The time to clean your tap lines is before you need to.
When we were expecting our daughter, I was smart enough to know that my caffeine consumption would increase exponentially upon becoming a parent, so we invested in a semi-automatic Gaggia espresso machine the summer before the due date. In the years since, that thing has pulled literally barrels of shots, and I was relatively diligent about cleaning the portafilter assembly with PBW and flushing the system with descaler every couple months.
But, just like the lines we use to run sweet, essential carbonated homebrew from a corny keg to a faucet, the occasional halfassed rinse isn’t good enough in the long haul.
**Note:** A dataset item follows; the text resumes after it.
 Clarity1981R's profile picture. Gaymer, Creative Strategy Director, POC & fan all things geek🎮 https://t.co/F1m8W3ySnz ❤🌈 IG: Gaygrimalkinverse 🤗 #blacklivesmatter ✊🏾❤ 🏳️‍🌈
Last week the Gaggia started chugging, slowing down, barely mustering enough pressure to push a trickle of steam through a puck of ground coffee.
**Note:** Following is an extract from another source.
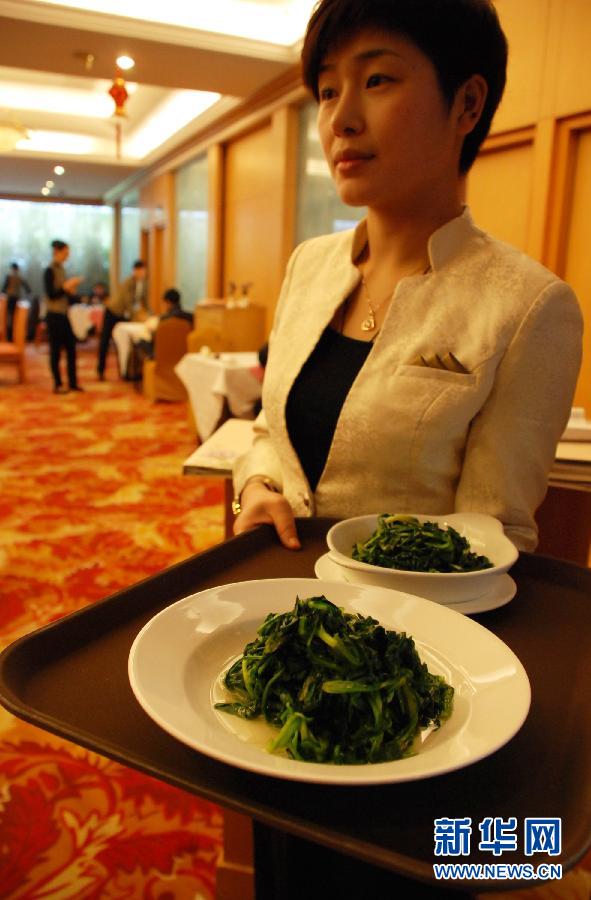 拒絕舌尖上的浪費(fèi)　各地多家飯店推出“半份菜”服務(wù)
Citizens, this would not do. Daddy needs coffee.
No, what was needed was a deep cleaning, a teardown and rebuild using a mixture of bike tools (metric wrenches!) and citric acid from our friendly neighborhood LHBS to strip the accumulated calcium deposits that were clogging the valves in the brew group.
So I did that, and I wish I had done it before it ever got to the point that I had to live without espresso like some kind of Neanderthal, but the moral of the story is that fracking around with the limed-up shower screen block and group valve reminded me that it was past time to flush the lines on the kegerator, and once I did so, the Dunkel and the Hoppy Amber Lager immediately started drinking better and our all-around quality of life improved.
How do you clean your tap lines? BLC, PBW, alternating acid rinses, let the beer clean it out? Are you conscientious, or do you wait til it’s past due?